How it's made: the illustrated guide to distilling Chattanooga Whiskey

Tim Piersant, owner and co-founder of Tennessee Stillhouse, stands with full barrels of 1816 Chattanooga Whiskey at the company's location on Market Street.
Tim Piersant, owner and co-founder of Tennessee Stillhouse, stands with full barrels of 1816 Chattanooga Whiskey at the company's location on Market Street.

For the first time since Prohibition began in 1920, whiskey is being distilled again in Chattanooga.

Chattanooga Whiskey, which led a public campaign in 2013 to overturn Hamilton County's previous ban on distilleries, opened the Tennessee Stillhouse across from the Chattanooga Choo Choo in March. Within the 3,000-square-foot storefront and basement, a new 100-gallon copper still is up and running, making future batches of whiskey that will be ready for sampling soon and for sale by summer.

The location is the third by Chattanooga Whiskey after other southside and downtown sites proved too expensive or too inadequate for the distillery and its public tours. Chattanooga Whiskey has so far relied upon aging whiskey made in Indiana. But the new distillery will make whiskey in Chattanooga and helped the company be true to its name in Chattanooga.
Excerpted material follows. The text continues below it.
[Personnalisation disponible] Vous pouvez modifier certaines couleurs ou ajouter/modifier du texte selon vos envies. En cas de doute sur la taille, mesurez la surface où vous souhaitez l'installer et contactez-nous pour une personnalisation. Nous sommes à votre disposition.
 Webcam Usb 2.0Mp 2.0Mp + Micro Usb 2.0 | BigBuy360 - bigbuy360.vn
Just inside the front door of the new Stillhouse is the reception area and retail section with shelves lined with Chattanooga Whiskey hats, shirts and many fifths of Chattanooga Whiskey.

"We're not a restaurant, and we're not a bar," said Tim Piersant, Tennessee Stillhouse owner, CEO and co-founder. "People are going to come here before they eat, and they're going to come here after they eat."